▶ **PROBLEM REQUIREMENTS**
Exact reproduction of the data is required, with images excluded.

START AVAILABLE DATA

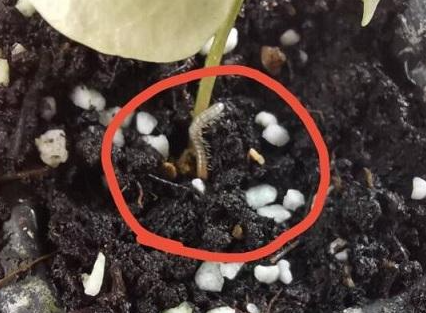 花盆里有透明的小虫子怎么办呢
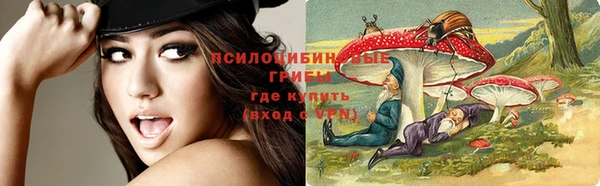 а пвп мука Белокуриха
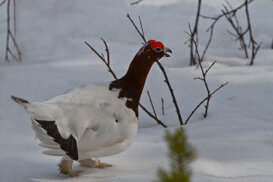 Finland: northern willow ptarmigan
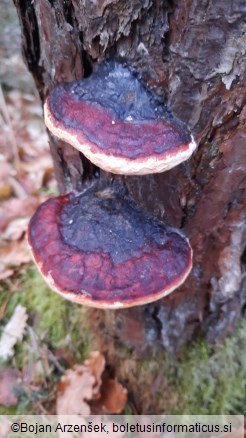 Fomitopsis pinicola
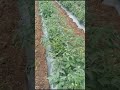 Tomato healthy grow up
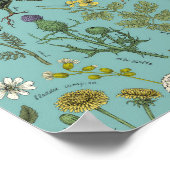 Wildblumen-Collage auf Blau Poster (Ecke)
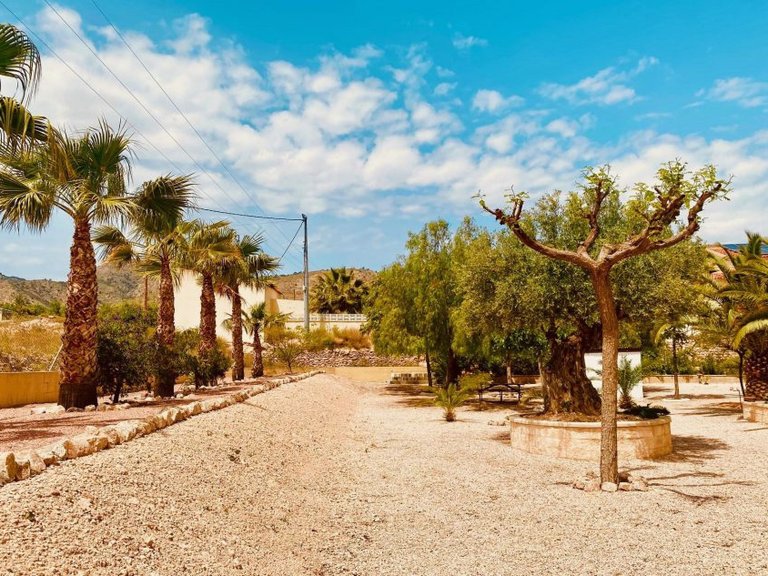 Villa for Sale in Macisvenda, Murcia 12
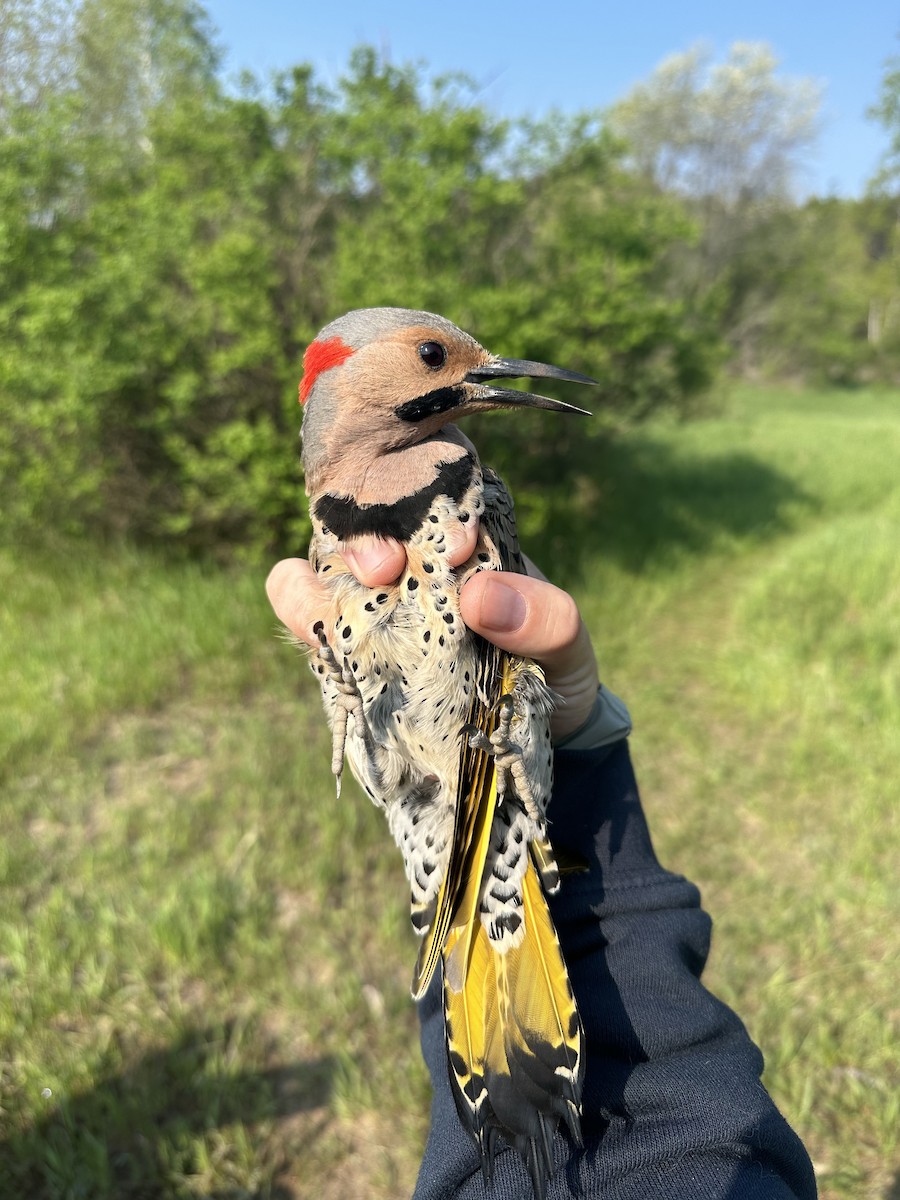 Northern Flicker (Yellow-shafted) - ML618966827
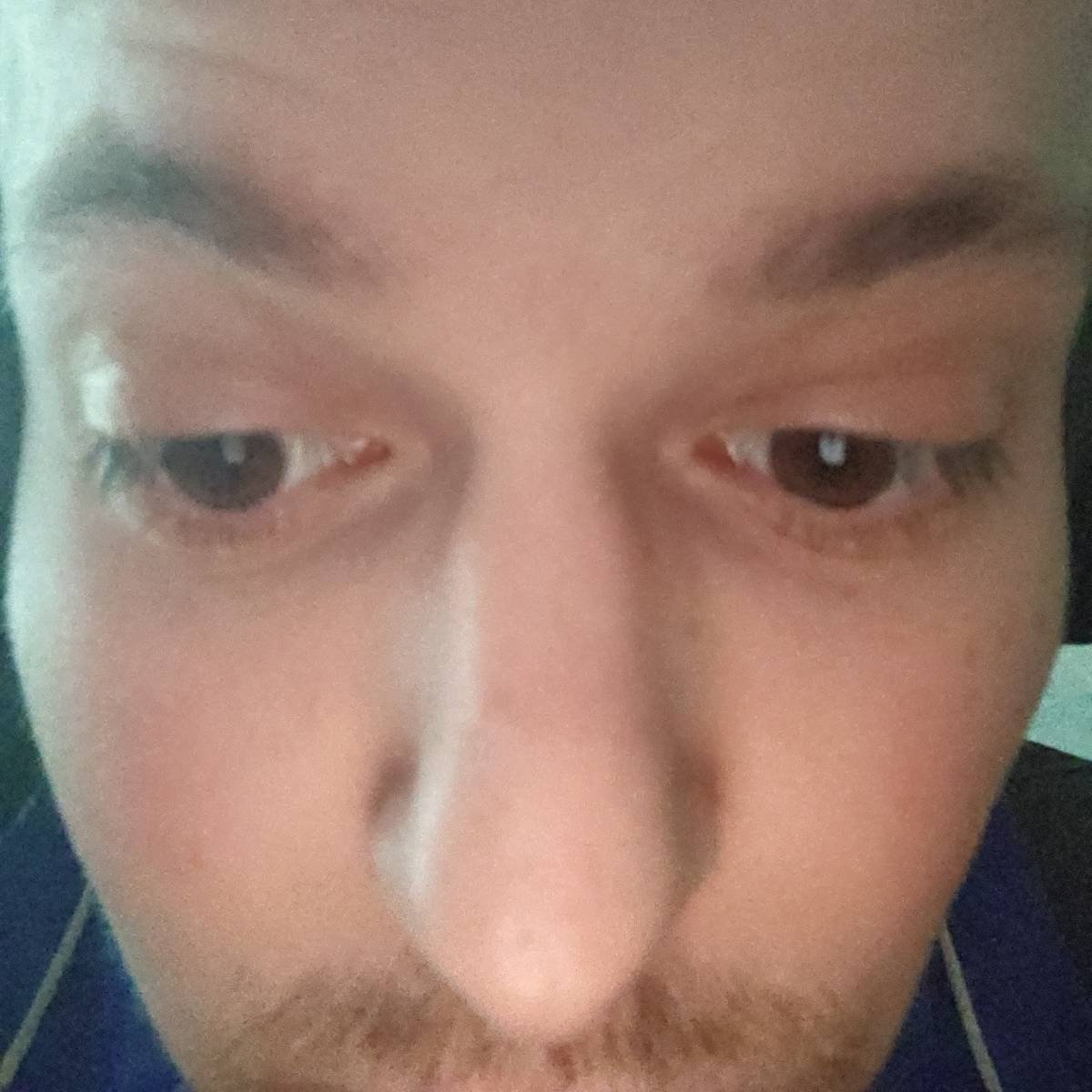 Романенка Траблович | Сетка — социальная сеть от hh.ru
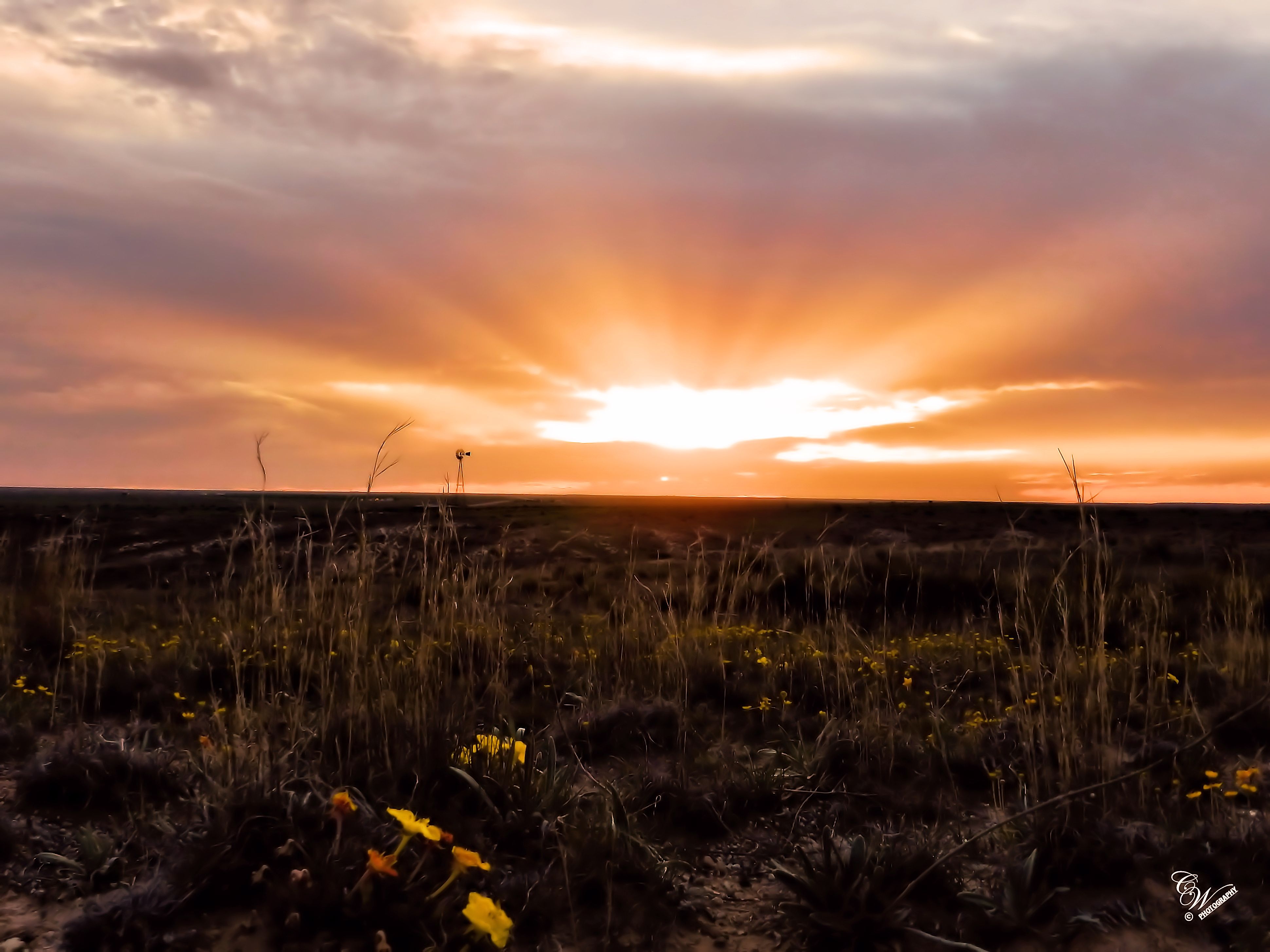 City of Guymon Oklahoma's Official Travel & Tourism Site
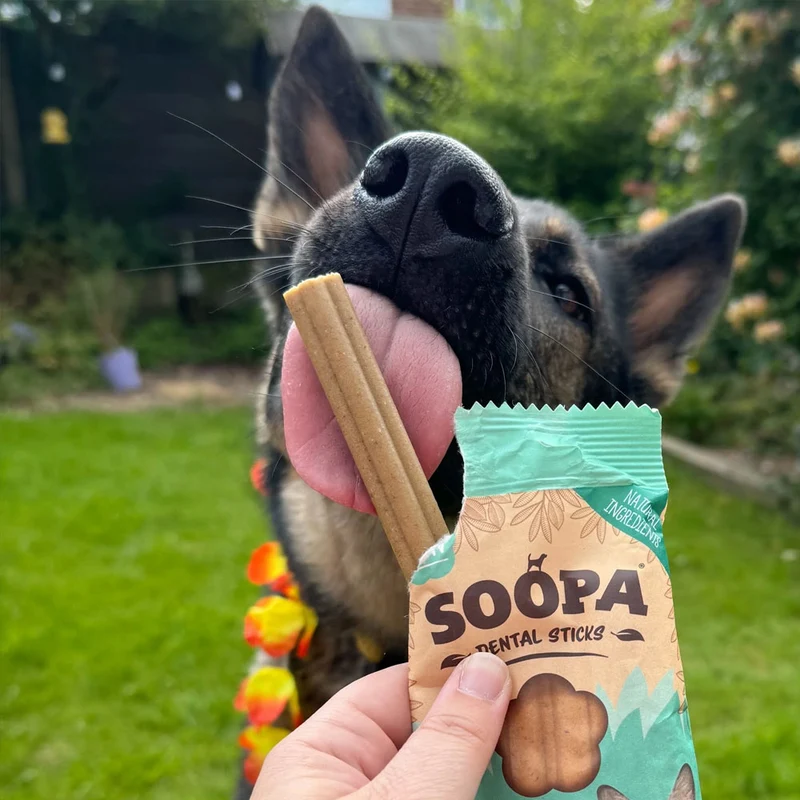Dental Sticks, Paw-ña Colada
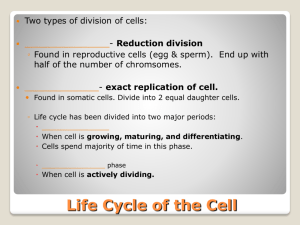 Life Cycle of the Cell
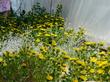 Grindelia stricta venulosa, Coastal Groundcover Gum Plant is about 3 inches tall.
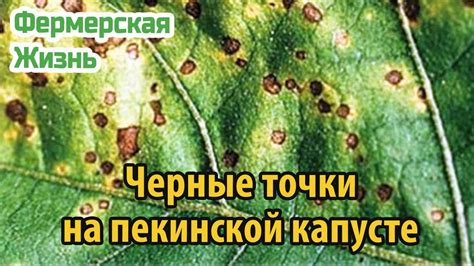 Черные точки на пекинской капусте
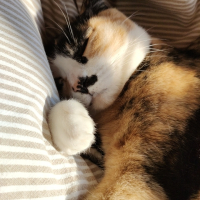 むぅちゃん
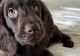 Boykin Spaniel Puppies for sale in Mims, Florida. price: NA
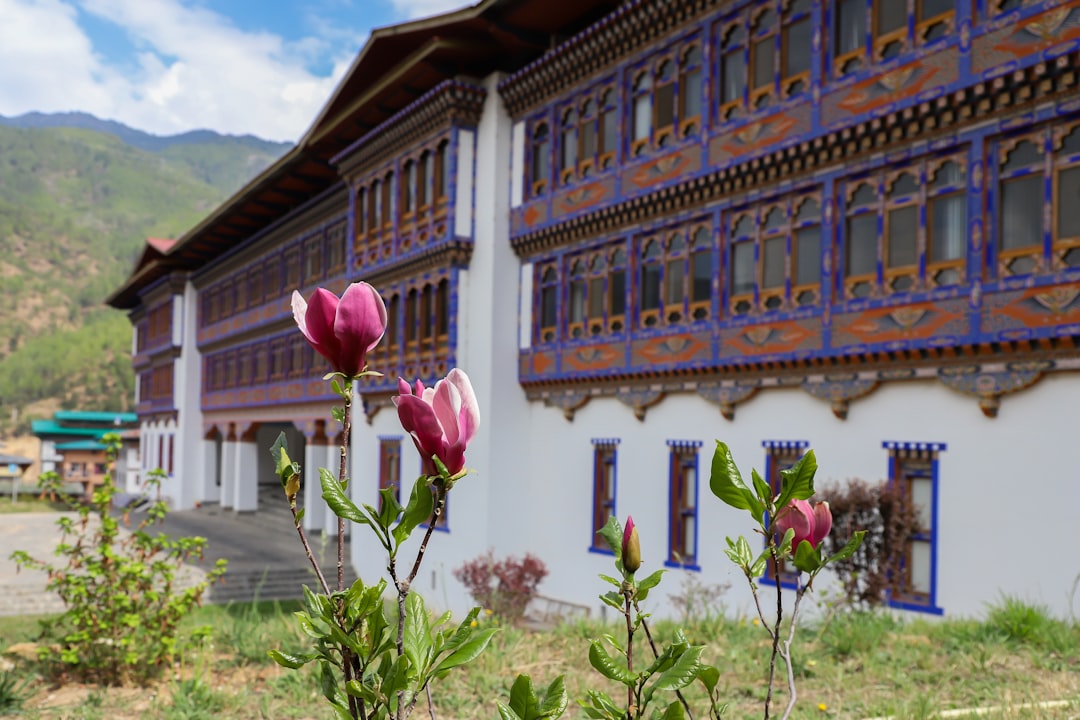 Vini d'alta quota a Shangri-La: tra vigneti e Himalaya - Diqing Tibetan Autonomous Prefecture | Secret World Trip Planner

END AVAILABLE DATA

▶ **WRITTEN RESPONSE**
 花盆里有透明的小虫子怎么办呢
 а пвп мука Белокуриха
 Finland: northern willow ptarmigan
 Fomitopsis pinicola
 Tomato healthy grow up
 Wildblumen-Collage auf Blau Poster (Ecke)
 Villa for Sale in Macisvenda, Murcia 12
 Northern Flicker (Yellow-shafted) - ML618966827
 Романенка Траблович | Сетка — социальная сеть от hh.ru
 City of Guymon Oklahoma's Official Travel & Tourism Site
Dental Sticks, Paw-ña Colada
 Life Cycle of the Cell
 Grindelia stricta venulosa, Coastal Groundcover Gum Plant is about 3 inches tall.
 Черные точки на пекинской капусте
 むぅちゃん
 Boykin Spaniel Puppies for sale in Mims, Florida. price: NA
 Vini d'alta quota a Shangri-La: tra vigneti e Himalaya - Diqing Tibetan Autonomous Prefecture | Secret World Trip Planner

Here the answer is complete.